- Directed by: Tom Zuber
- Written by: Tom Zuber Jeff Zuber
- Produced by: Tom Zuber Larry Romano Chad Marshall Josh Lawler
- Starring: John Patrick Amedori Erica Leerhsen DJ Qualls Rachel Miner Michelle Horn Michael Peña Jill Ritchie Danny Wolske
- Cinematography: Lisa Wiegand
- Edited by: Aaron Toaso Tom Zuber
- Music by: Barak Moffitt
- Production company: Legaci Pictures
- Distributed by: THINKFilm
- Release dates: June 2005 (CineVegas International Film Festival); November 21, 2006 (DVD);
- Running time: 103 minutes
- Country: United States
- Language: English

= Little Athens =

2005 film

Little Athens is a 2005 American independent film directed by Tom Zuber, which stars John Patrick Amedori, Erica Leerhsen, DJ Qualls, Rachel Miner, Eric Szmanda, Michael Peña, and more. Despite premiering at the Toronto International Film Festival in 2005, it was not released on DVD until November 21, 2006.

==Plot==
Little Athens follows a whirlwind day in the hapless lives of small town youth caught in a dead-end post-high school void. The journeys of four groups of late teens/early twenty-somethings unfold through four different storylines.

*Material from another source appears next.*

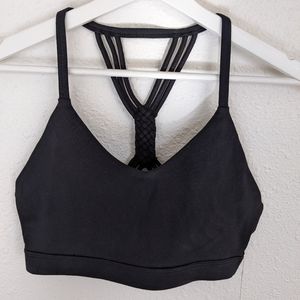 Black sport bra by Glyder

Their separate trails converge at an explosive house party.

==Cast==
- John Patrick Amedori as Jimmy
- Erica Leerhsen as Heather
- DJ Qualls as Cory
- Rachel Miner as Allison
- Eric Szmanda as Derek
- Shawn Hatosy as Carter
- Michelle Horn as Emily
- Jorge Garcia as Pedro
- Jill Ritchie as Jessica
- Michael Peña as Carlos
- Danny Wolske as Bobby
- Kenny Morrison as Aaron
- Leonardo Nam as Kwon
- R.J. Knoll as Brad
- Forrest Landis as Kevin
- Esteban Powell as Troy
- Mary-Pat Green as Mrs. Carlson
- Tory Kittles as Sinjin

==Critical reception==
Mark Bell from Film Threat wrote that "Little Athens spends enough time gradually introducing us to the characters as they are, in their lives, not spending minutes upon minutes on random exposition, and the end result is that, though the characters are numerous and the plotlines varied, you never feel overwhelmed or lost." The reviewer also praised the cast, calling the actors' work "astonishing", and highlighted the acting skills of Erica Leerhsen and DJ Qualls.